The Market Rests -- R. Scott Raynovich
At a start-up or thinking of investing in one? Then you might want to think of the ramifications of a more sedate stock market. The venture capitalist (VC) that promised you a multibillion IPO is now scrambling to keep the deal flow from drying up. Stop thinking about that easy sell-out and start thinking about how to build a viable business, because the big-money liquidity events won't be as easy to come by.
It's not necessarily a bad thing. After the powerful move upward late last year and early this year and then the brutal technology sell-off in March and April, it appears that everybody could use a little break. And summers are typically slow in the tech world, so get used to it.

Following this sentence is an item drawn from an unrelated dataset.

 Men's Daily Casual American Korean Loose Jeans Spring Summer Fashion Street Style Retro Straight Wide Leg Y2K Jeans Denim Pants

"I think sideways movement is a completely good thing," says Don Luskin, founder and CEO of Metamarkets.com (http://www.metamarkets.com/) and advisor to Open Fund (http://www.openfund.com/, a technology investment fund. "There are two ways to follow upward trend set in the market since 1998: you can have a giant crash or you can have a lot of sideways movement. What we had recently was a correction but it was not a giant crash. So of those two options, the latter seems like a pretty good thing."

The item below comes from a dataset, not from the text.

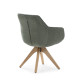 Fauteuil pivotant OLIVA - Toile piquée vert sauge & Chêne massif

Luskin has a good point. Everybody thought that March and April was a proper crash--after all, the Nasdaq Composite lost roughly 40 percent of its value in a month and some stocks lost far more--but there are still some lofty valuations out there.
Indeed, it's enough to scare some fund managers away from technology altogther. Michael Johnson, a research analyst with Veredus Asset Management LLC (http://www.veredus.com/), said the fund is moving some of its tech money into safer sectors such as energy. "We don't see near-term catalyst for the markets going up," says Johnson. "Earnings season is over, the interest rates are going up. There isn't a lot of good news and the valuations in the tech sector are still high."
But the forward-looking technology investor is not worried about valuations, because he or she is busy looking for the next disruptive technology that will rewrite the rules. None of that is going to change because of the stock market. In fact, the stock market has become nothing but a real-time arbiter of consumer brand taste--a meter of the Internet marketing fad of the moment. Real technology--stuff that unlocks to value of networks and bandwidth and gives applies it to real business cases--will always be in favor in the financial world.
Some of the raw guts of the Internet--including optical networking technology, software infrastructure, and broadband applications--are still in their infancy. The Internet in 2000 is akin to the desktop operating system in 1989. The markets are resting. If the markets go sideways this summer, its a good time to strategize about what to do now that the world has changed.